The sale was announced in November (see Shale Daily, Nov. 5, 2014).

“Until such time as we sell Fidelity, we are maximizing its value,” Goodin told analysts during a quarterly earnings conference call. He said the company is focused on lowering its capital cost structure in the E&P space, following 25% reductions in its administrative and general expenses. “We have laid down our rigs and look to further reduce our cost structure before we begin to drill again later this year.”

The CEO told analysts that “plans at present do not include a sale of Fidelity in 2015 and basically beyond that period. We’ll continue to monitor market conditions until we feel the timing is right for selling the business.

“That is why we’re providing greater clarity of our plans for this year, but beyond that, we’ll continue to provide updates as to the timing for marketing the business.”

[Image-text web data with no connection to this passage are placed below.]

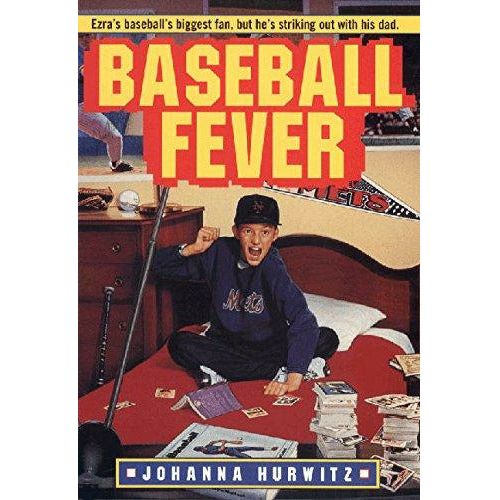 Baseball Fever - 9780380732555 - Harper Collins - Menucha Classroom Solutions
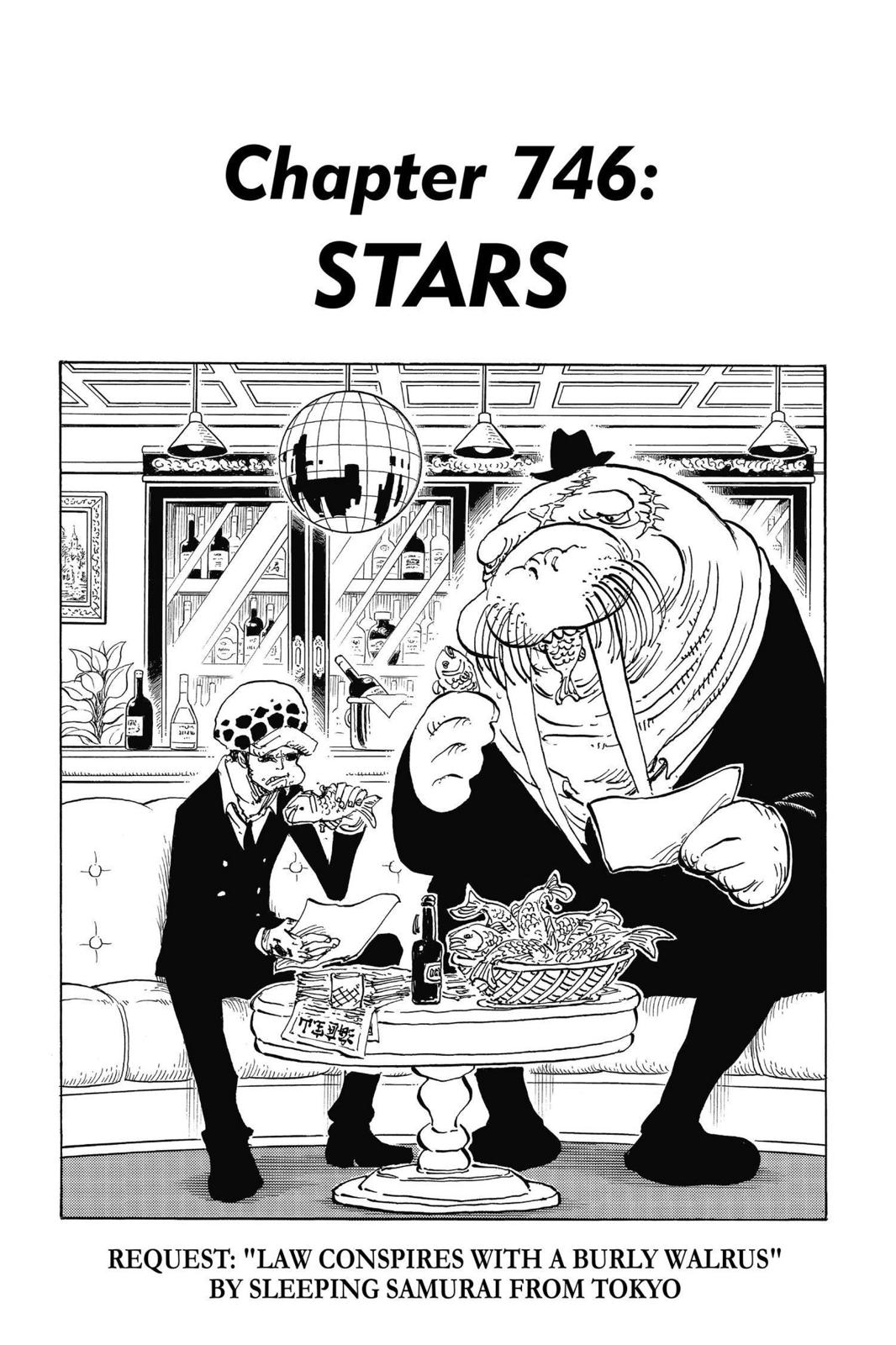 One Piece, Chapter 746 image 01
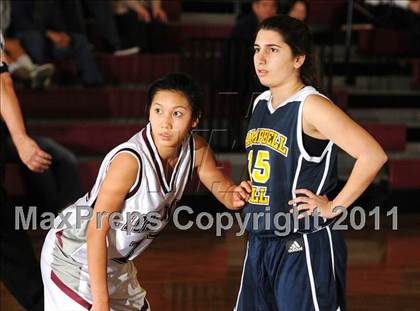 Thumbnail 1 in Campbell Hall @ Loma Linda Academy (CIF SS Playoffs) photogallery.
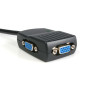 StarTech.com Sdoppiatore video VGA a 2 porte - Alimentato via USB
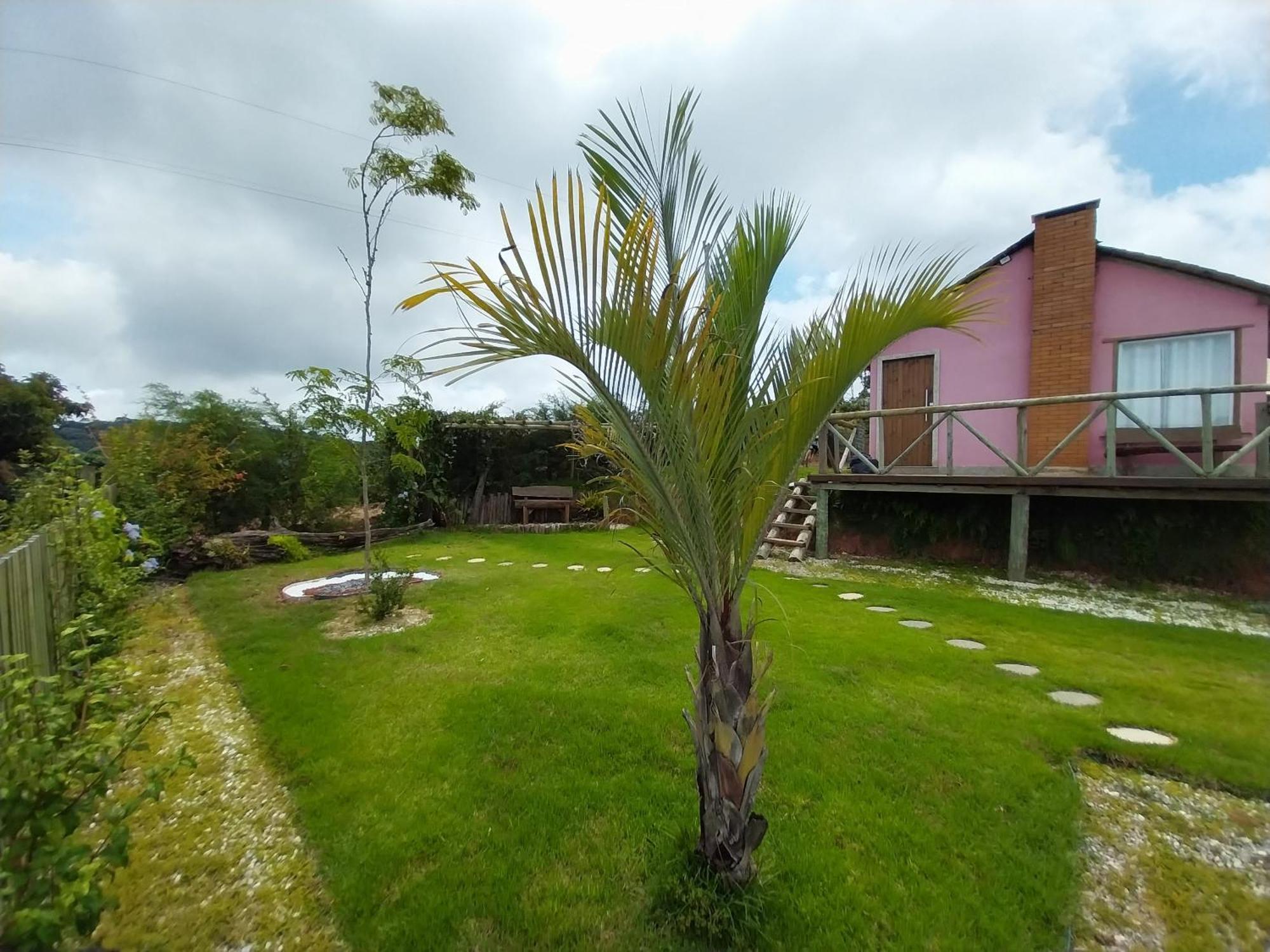 Chalé Colina Venda Nova do Imigrante Exteriér fotografie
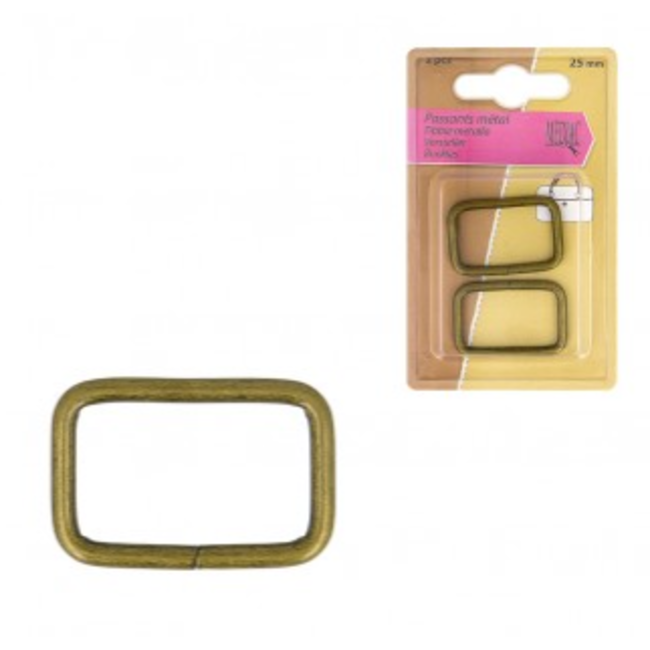 Passant brons (15-50mm)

Fidelity CEO Kent Wells, who is retiring at the end of this month, said that once the E&P’s cost structure is where MDU wants it to be and the business environment is considered favorable based on criteria that includes oil prices, the E&P would be marketed.

There’s no intent to sell Fidelity in a piecemeal fashion, Goodin added.

Fidelity President Pat O’Bryan is to become CEO on March 1.

Fidelity’s capital expenditure budget is set at $111 million this year, with investments minimized in the first half of the year to become “better aligned” with the low commodity price environment, Goodin said. “We anticipate resuming drilling in the second half of the year as long as our return goals are met.”

Consolidated 4Q2014 earnings were $84.1 million (43 cents/share), compared with year-ago earnings of $91.3 million (48 cents). In 2014 MDU earned $297.5 million ($1.55/share), versus $278 million ($1.47) in 2013.

MDU plans to invest about $3.9 billion in capital projects over the next five years, Goodin noted, “and our strategic decision to market our exploration and production business at the appropriate time in the future, I am confident we are well positioned to produce significant long-term value for shareholders with a lower overall business risk profile.”

For 2015, adjusted earnings guidance, not including the E&P business, is set at $1.05-1.20/share.

“This year our E&P expects to be generally self-funding, operating at or below the cash flows it generates,” said Goodin.

A slight increase in oil production last year was led by a 25% jump in Paradox Basin production. Natural gas and natural gas liquids production were both down last year as a result of the Bakken Shale asset sales, he said.